-- Records for this task follows --
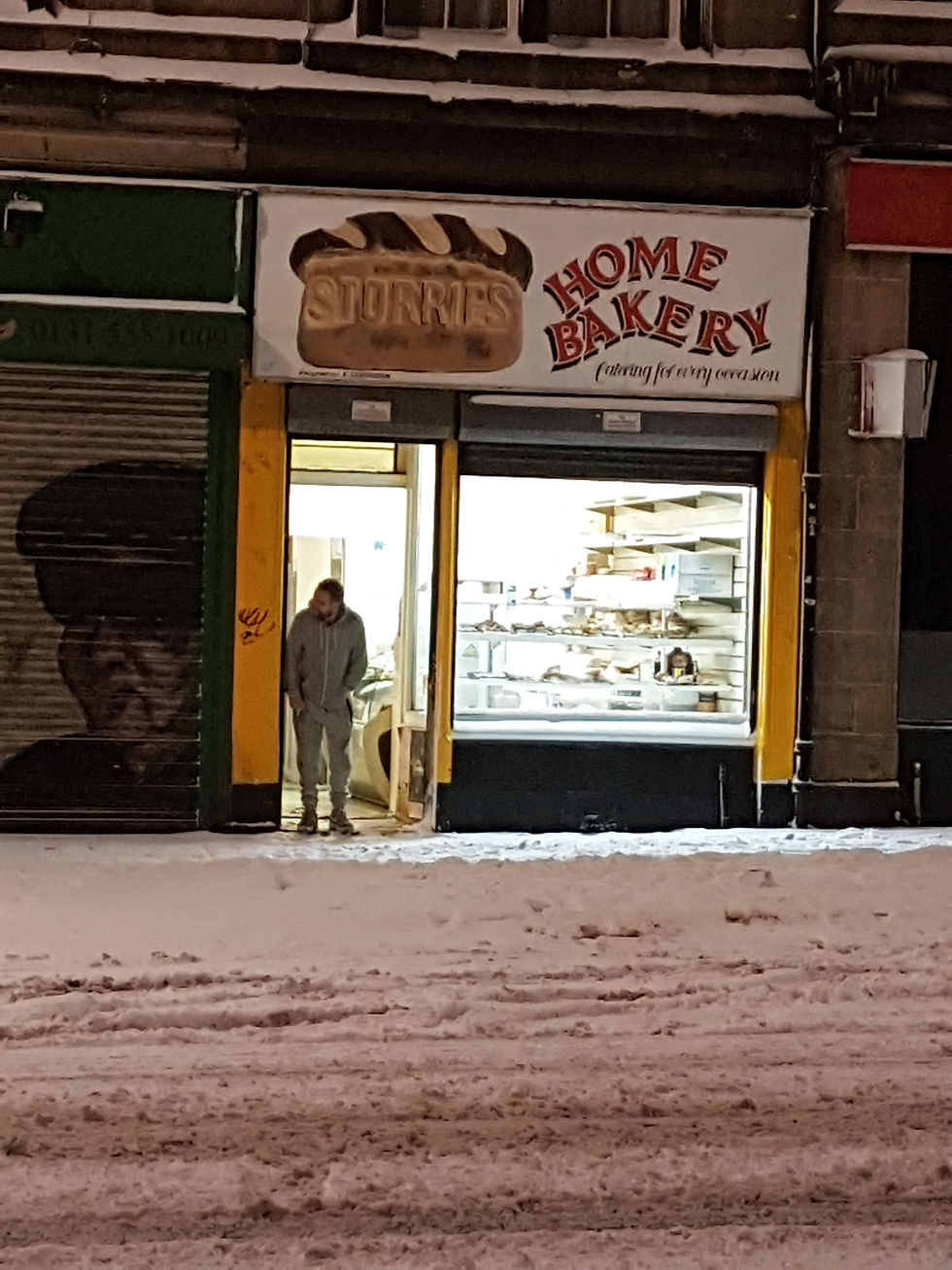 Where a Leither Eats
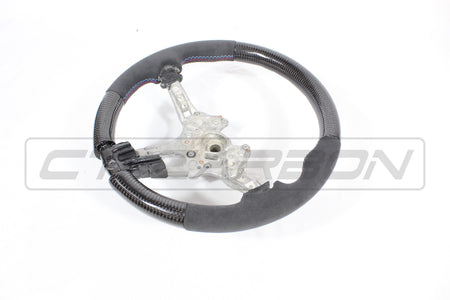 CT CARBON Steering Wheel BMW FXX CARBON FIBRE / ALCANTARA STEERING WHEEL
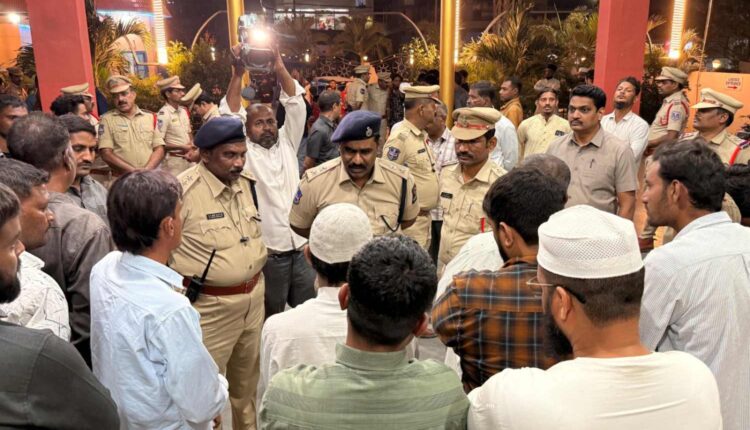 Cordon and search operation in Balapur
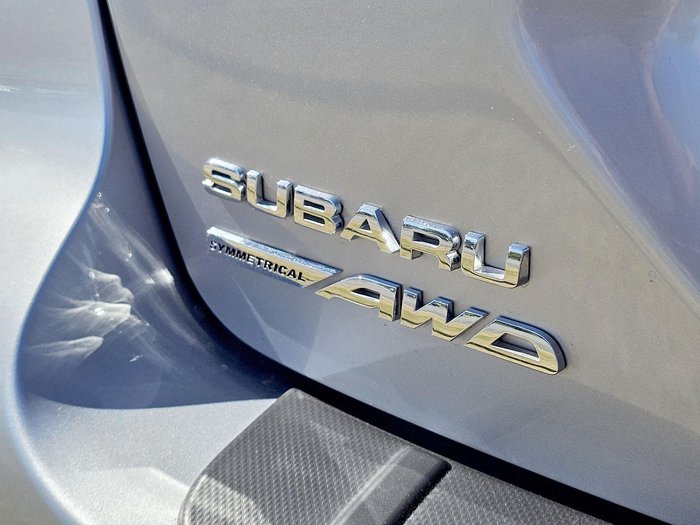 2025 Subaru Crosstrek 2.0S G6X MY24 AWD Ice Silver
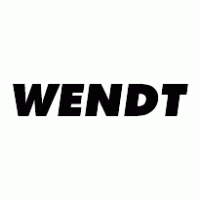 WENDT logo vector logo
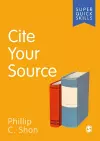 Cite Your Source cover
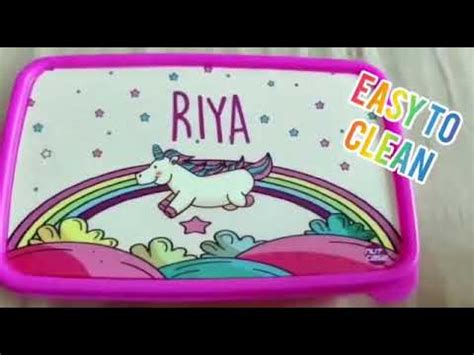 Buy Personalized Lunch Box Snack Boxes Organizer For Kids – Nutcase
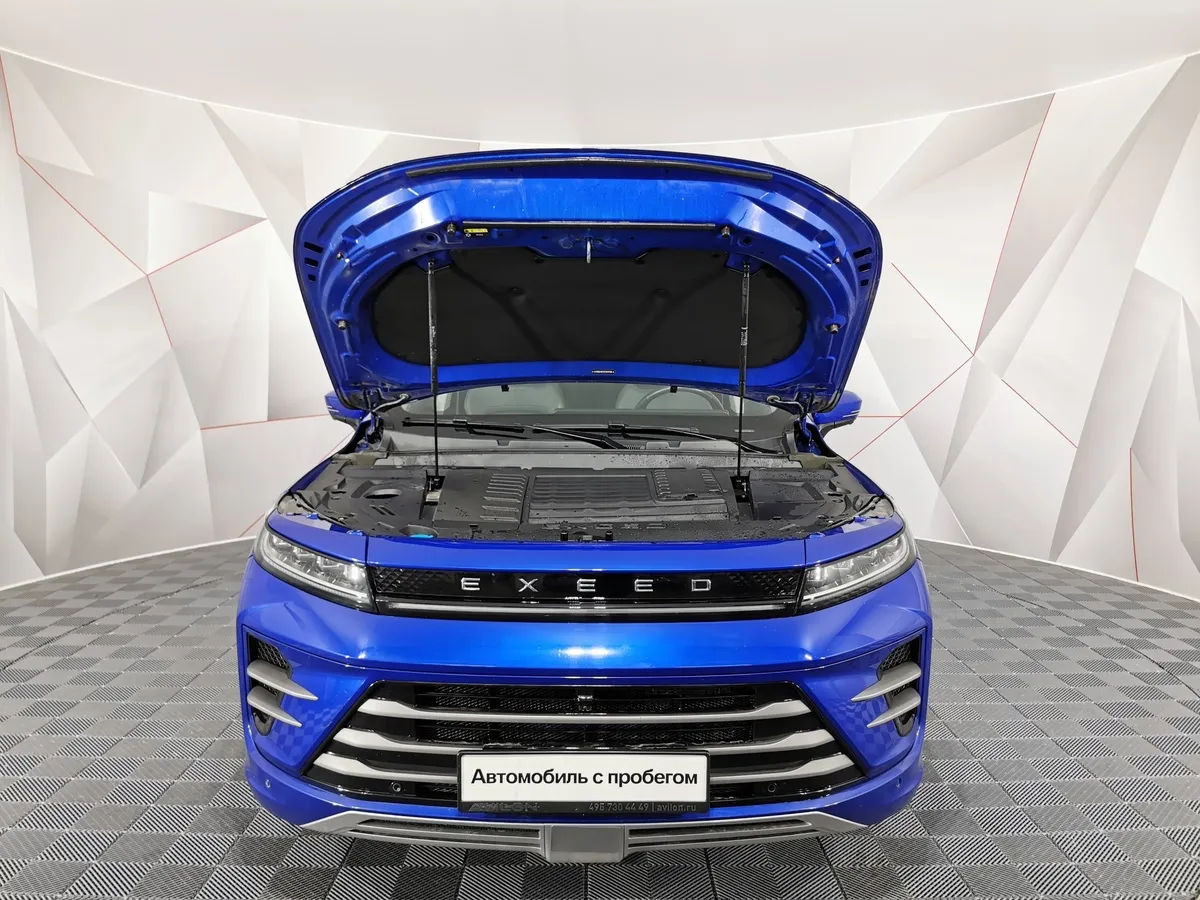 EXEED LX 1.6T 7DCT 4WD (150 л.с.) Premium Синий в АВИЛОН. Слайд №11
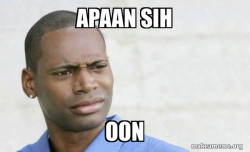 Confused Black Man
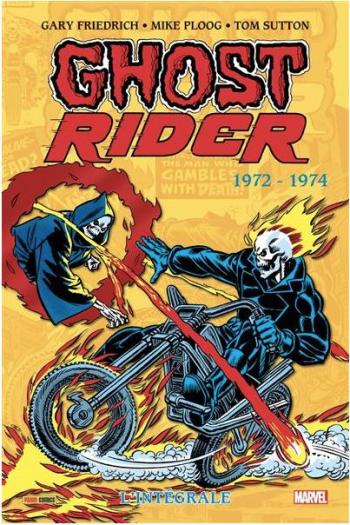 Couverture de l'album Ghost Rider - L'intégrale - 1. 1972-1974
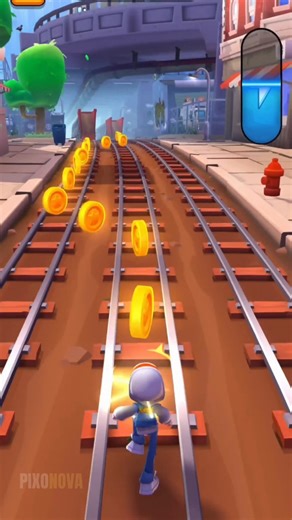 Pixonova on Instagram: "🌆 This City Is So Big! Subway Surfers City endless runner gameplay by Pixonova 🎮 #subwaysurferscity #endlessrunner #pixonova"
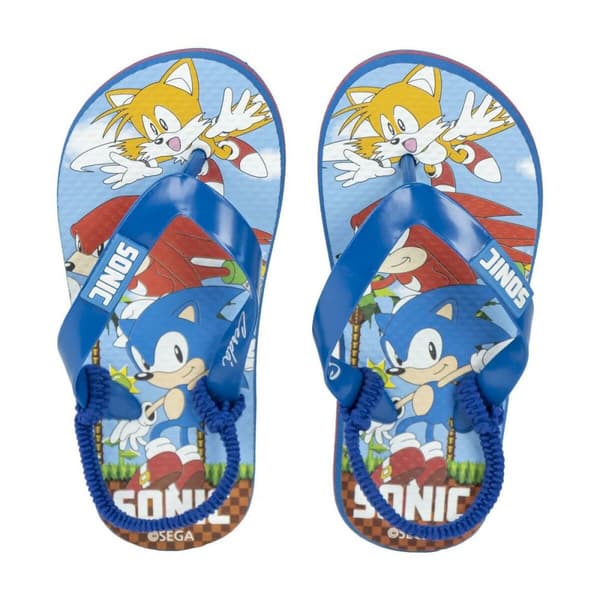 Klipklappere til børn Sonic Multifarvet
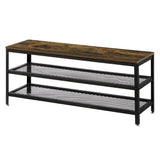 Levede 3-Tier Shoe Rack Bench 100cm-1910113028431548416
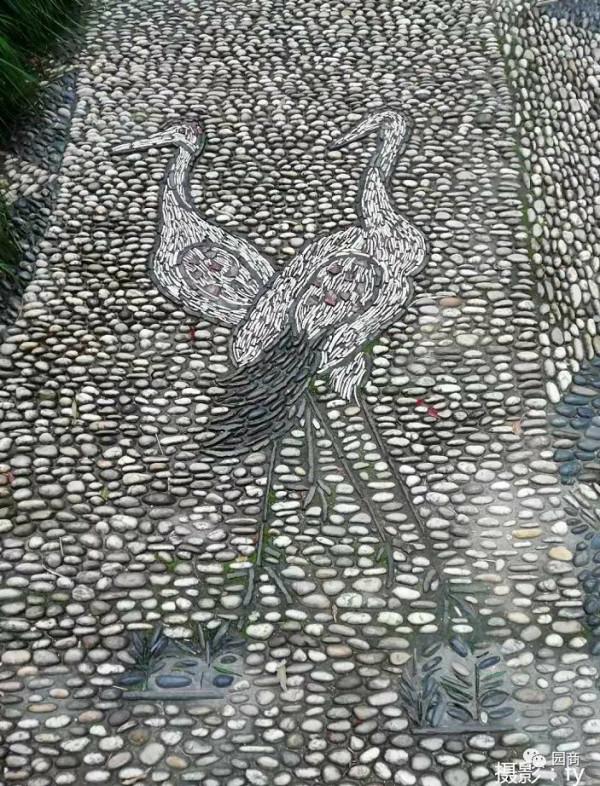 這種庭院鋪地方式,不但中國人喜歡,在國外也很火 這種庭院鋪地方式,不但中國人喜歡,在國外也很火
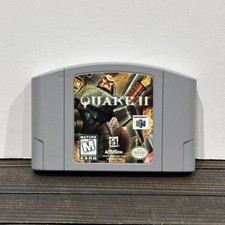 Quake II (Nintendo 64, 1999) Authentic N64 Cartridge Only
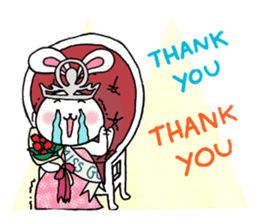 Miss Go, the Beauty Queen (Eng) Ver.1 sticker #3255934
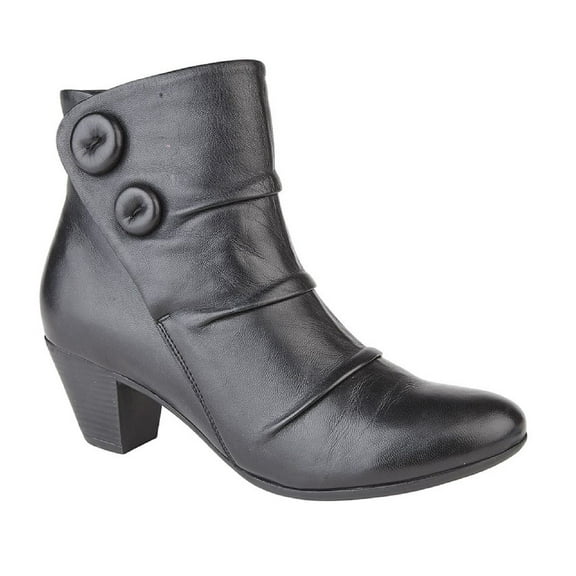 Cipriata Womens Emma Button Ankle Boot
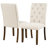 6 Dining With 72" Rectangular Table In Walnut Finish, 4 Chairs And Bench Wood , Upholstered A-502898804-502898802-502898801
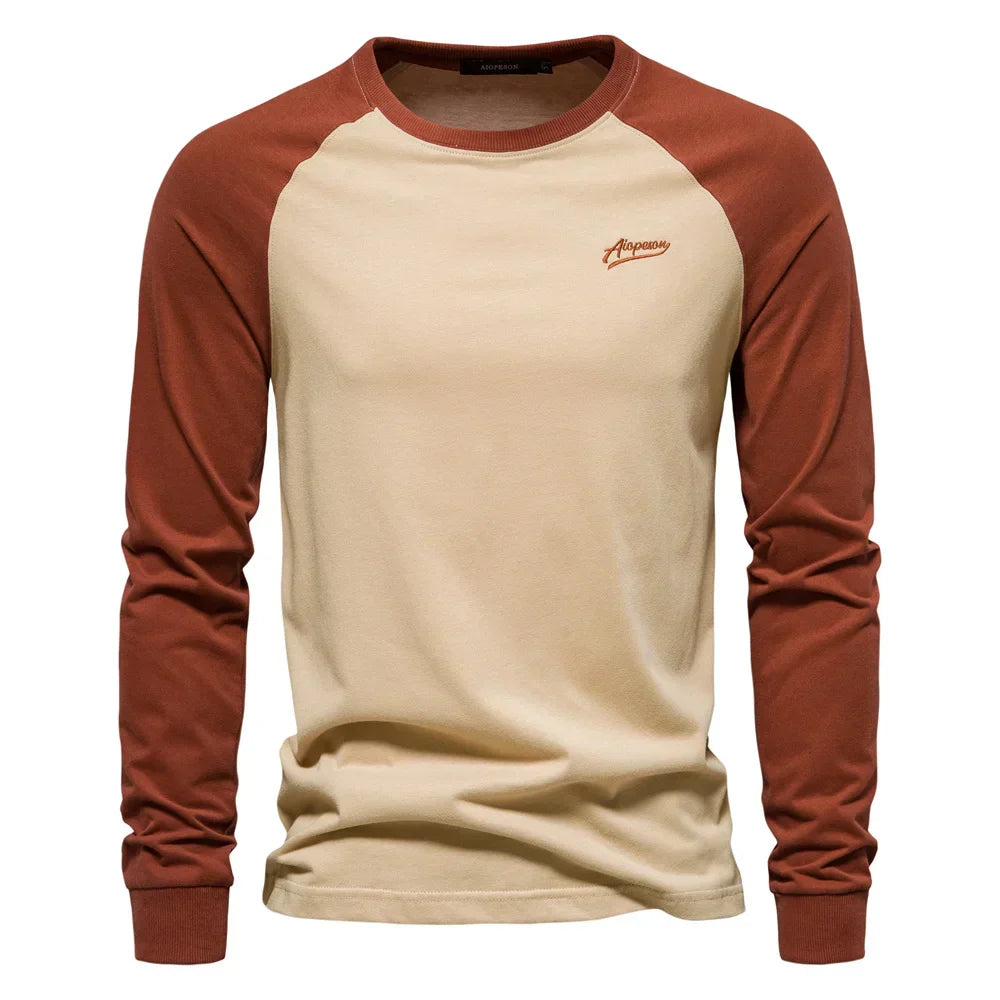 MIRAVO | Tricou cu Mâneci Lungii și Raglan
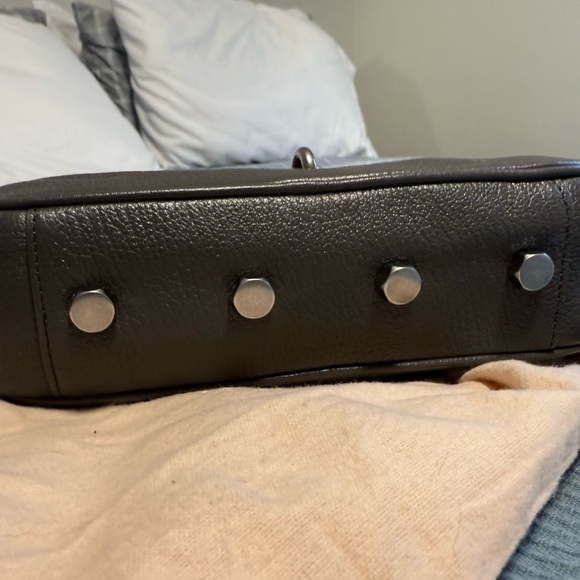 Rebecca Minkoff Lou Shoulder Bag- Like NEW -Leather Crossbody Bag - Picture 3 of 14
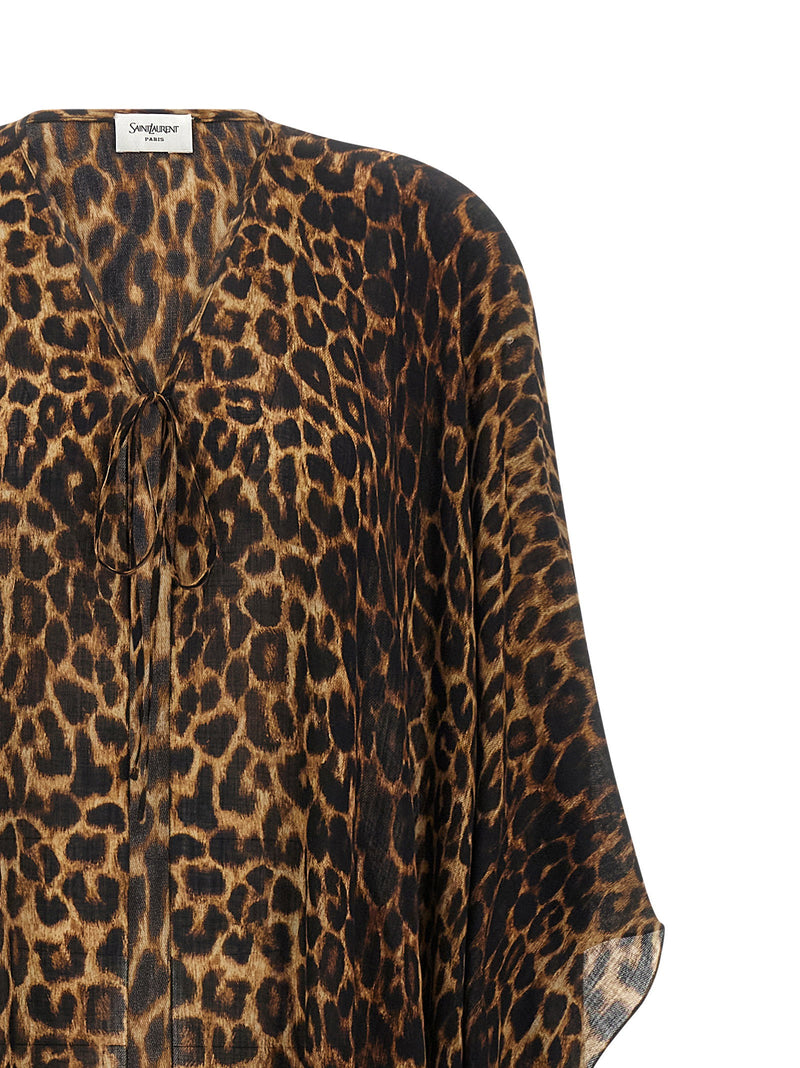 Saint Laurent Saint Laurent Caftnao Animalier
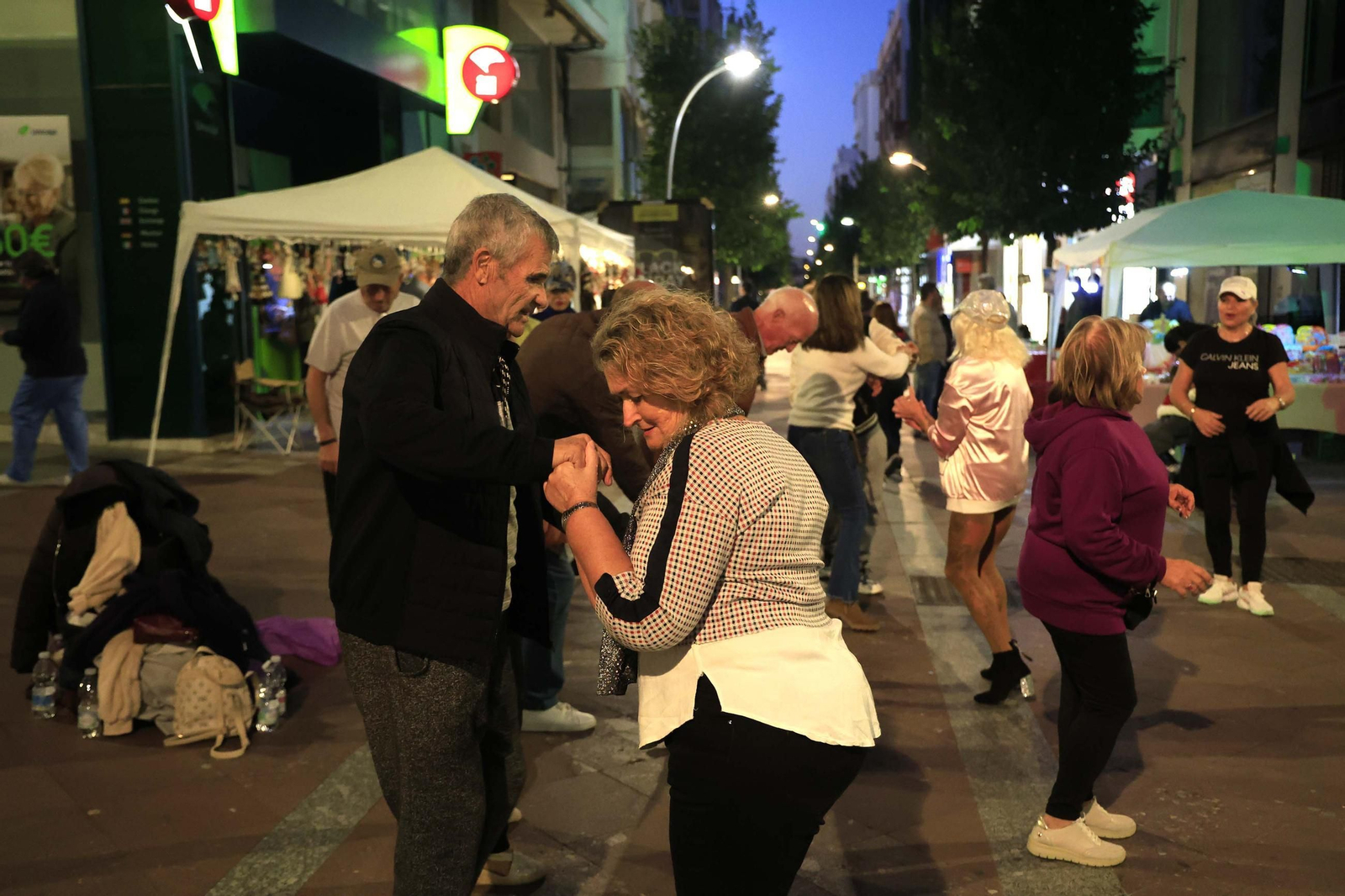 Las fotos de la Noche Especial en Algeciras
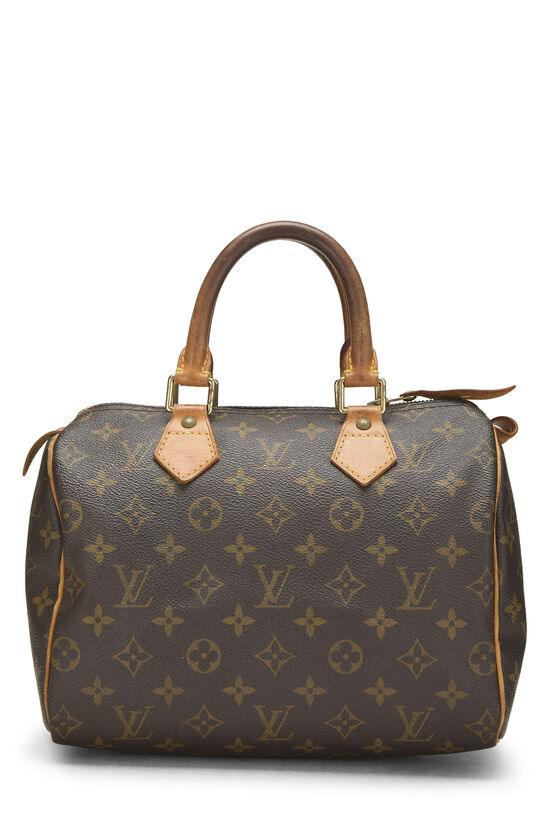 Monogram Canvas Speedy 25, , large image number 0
-- Records for this task concluded --
■ Exercise ■
Write out, word for word, the lines from the start of the data through the one holding "Couverture de l'album". Omit pictures.

■ Result ■
 Where a Leither Eats
 CT CARBON Steering Wheel BMW FXX CARBON FIBRE / ALCANTARA STEERING WHEEL
 Cordon and search operation in Balapur
 2025 Subaru Crosstrek 2.0S G6X MY24 AWD Ice Silver
 WENDT logo vector logo
 Cite Your Source cover
 Buy Personalized Lunch Box Snack Boxes Organizer For Kids – Nutcase
 EXEED LX 1.6T 7DCT 4WD (150 л.с.) Premium Синий в АВИЛОН. Слайд №11
 Confused Black Man
 Couverture de l'album Ghost Rider - L'intégrale - 1. 1972-1974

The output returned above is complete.